Investing can be as complex and time intensive as you want to make it, but in my experience, unless you’re going to make it a career, investing should be simple and automatic. People often confuse investing with saving. Saving is when you put money away for a short period of time to buy something later, or to hold you over when times get a little tough. Investing is when you put money into an investment and leave it there for a long period of time and let it grow. Done right, it can serve as a source of income in your retirement.

Rules for Investing

There are rules that you should always follow when investing that can save you a lot of headache. There is a lot of advice, or noise out there that will try to deviate you from these rules. Know these rules, and refer to them when considering an investment.

Investing 101

  1. Max out your 401 K (RRSP and TFSA for Canadians) and have 3 – 6 months of salary saved as an emergency fund. Having this in place gives you and your family security, and will allow you to sleep at night.
  2. Dollar cost averaging: Don’t try to time the stock market by buying low and selling high. Every edition of the business section in your newspaper is full of tips. Ignore them. You may get lucky a few times, but over time it’s guaranteed you will lose. Instead, put money into the stock market continually over time. This will smooth out the peaks and valleys of the stock market and provide diversity.
  3. Avoid picking stocks altogether. Instead, buy an index mutual fund or an index-based exchange-traded fund (ETF) which track the performance of of an entire index instead of an individual company. Over time they will provide you lower costs, broad diversification, and tax efficiency when compared to individual stocks or traditional mutual funds. Any financial advisor or broker who tells you they can beat the market consistently is lying to you.

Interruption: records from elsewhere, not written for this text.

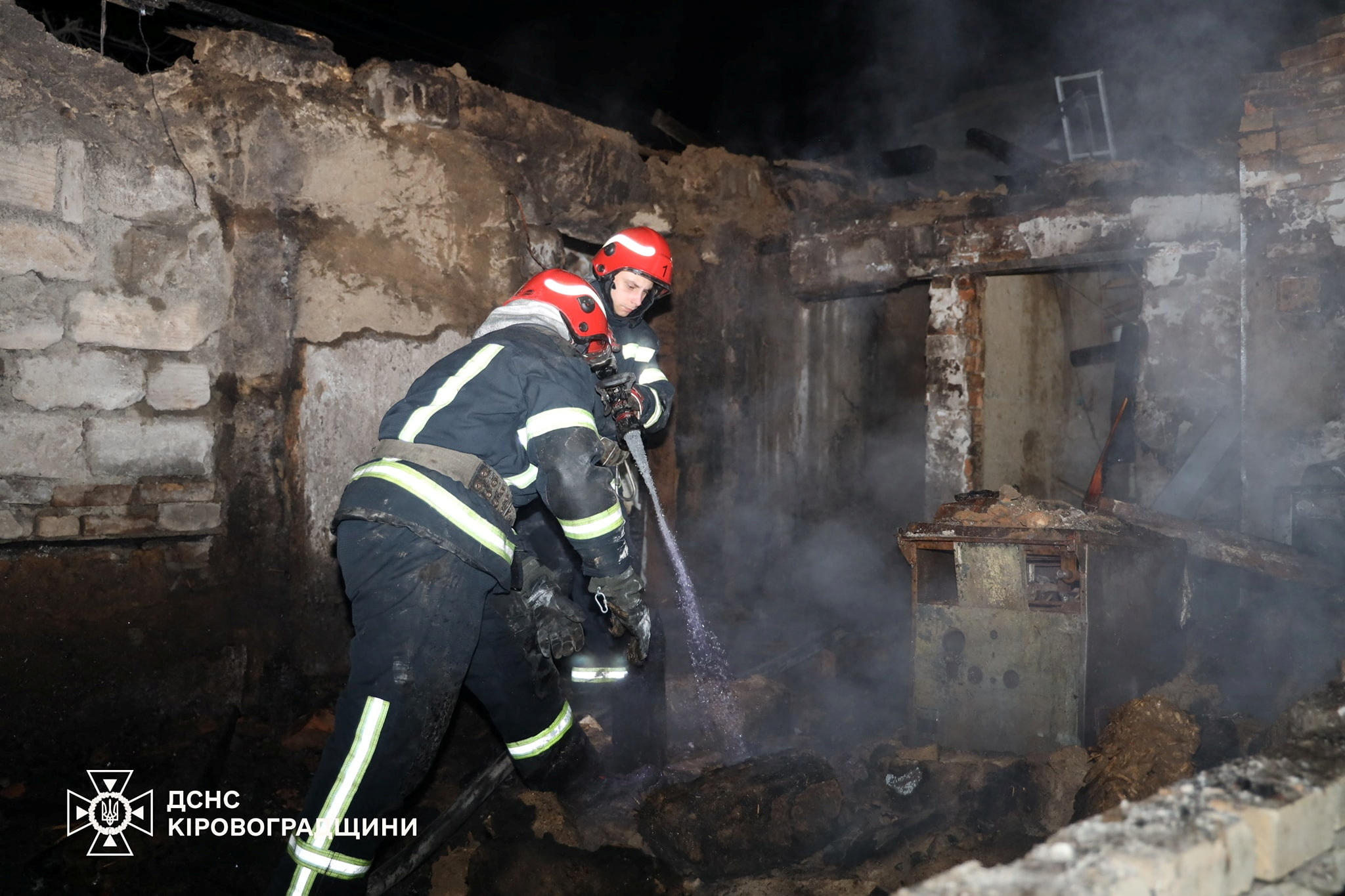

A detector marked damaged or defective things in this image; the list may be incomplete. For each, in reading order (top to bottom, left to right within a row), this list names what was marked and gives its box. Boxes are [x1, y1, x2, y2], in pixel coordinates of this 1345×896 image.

rusted metal equipment [898, 494, 1182, 756]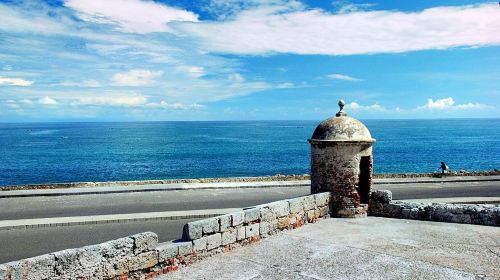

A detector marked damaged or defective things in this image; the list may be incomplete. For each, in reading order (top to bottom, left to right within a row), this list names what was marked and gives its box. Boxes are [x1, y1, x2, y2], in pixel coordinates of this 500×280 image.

cracked concrete surface [161, 218, 500, 278]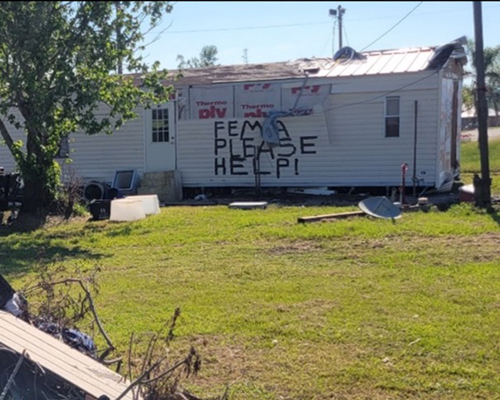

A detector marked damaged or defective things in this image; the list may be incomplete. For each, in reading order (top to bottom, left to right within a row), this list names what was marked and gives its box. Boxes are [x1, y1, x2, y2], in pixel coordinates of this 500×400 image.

damaged roof [131, 38, 466, 86]
broken siding panel [66, 104, 146, 183]
broken siding panel [177, 87, 438, 188]
broken siding panel [0, 312, 136, 400]
damaged roof [0, 310, 137, 400]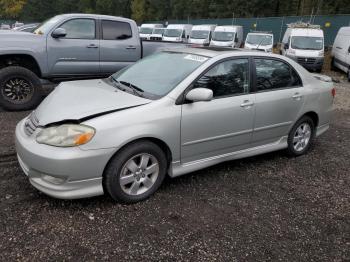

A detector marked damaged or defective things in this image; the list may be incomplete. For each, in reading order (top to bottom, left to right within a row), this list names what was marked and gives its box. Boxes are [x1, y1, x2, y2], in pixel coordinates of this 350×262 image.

damaged headlight [36, 125, 95, 147]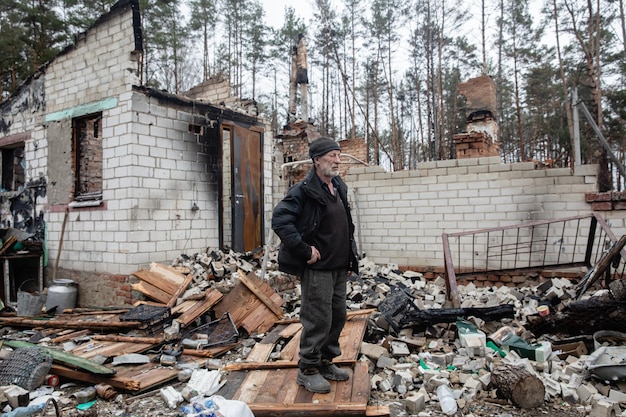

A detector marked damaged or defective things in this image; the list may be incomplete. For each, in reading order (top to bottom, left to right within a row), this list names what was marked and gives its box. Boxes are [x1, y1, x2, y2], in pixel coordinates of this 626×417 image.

rusted metal grate [438, 214, 624, 306]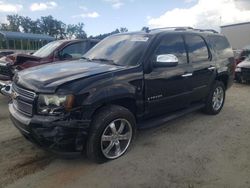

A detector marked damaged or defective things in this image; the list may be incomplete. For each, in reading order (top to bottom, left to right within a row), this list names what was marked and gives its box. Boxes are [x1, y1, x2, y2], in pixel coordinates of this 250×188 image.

damaged hood [15, 59, 122, 92]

If anyone was able to make more than the market average of 7% year after year, they would not need your money. Focus on funds that mirror the market and keep costs low.
  4. Further to ETF’s which are my preferred vehicle; buy a diversified portfolio that allocates a certain amounts to bonds, and equities (stocks). Further diversify by buying domestic, and international funds. I prefer to use Vanguard ETF’s due to their low cost and simplicity. They have an excellent ETF selection tool you can check to find the best portfolio for you based on current savings, comfort with risk, years to retirement, etc. An excellent source for Canadians is the Canadian Couch Potato.
  5. Once you’ve decided on a mix of ETF’s for your portfolio, make sure you rebalance it once a year by selling some of what’s performed well, and buying the under performers.
  6. Don’t check your investments everyday. Remember you’re in it for the long haul. A review of your portfolio once a year should be sufficient.
  7. Learn the power of compound interest. It will give you the resolve to stick with your investments, and keep you from diverging from the above rules.

Conclusion

I made mistakes when I first started out investing by listening to friends who had a “hot stock tip” or reading newspaper articles that claimed to know what a stock was going to do. I made some money, but I also lost. Following the above rules will serve as a solid foundation and hopefully save you from similar mistakes.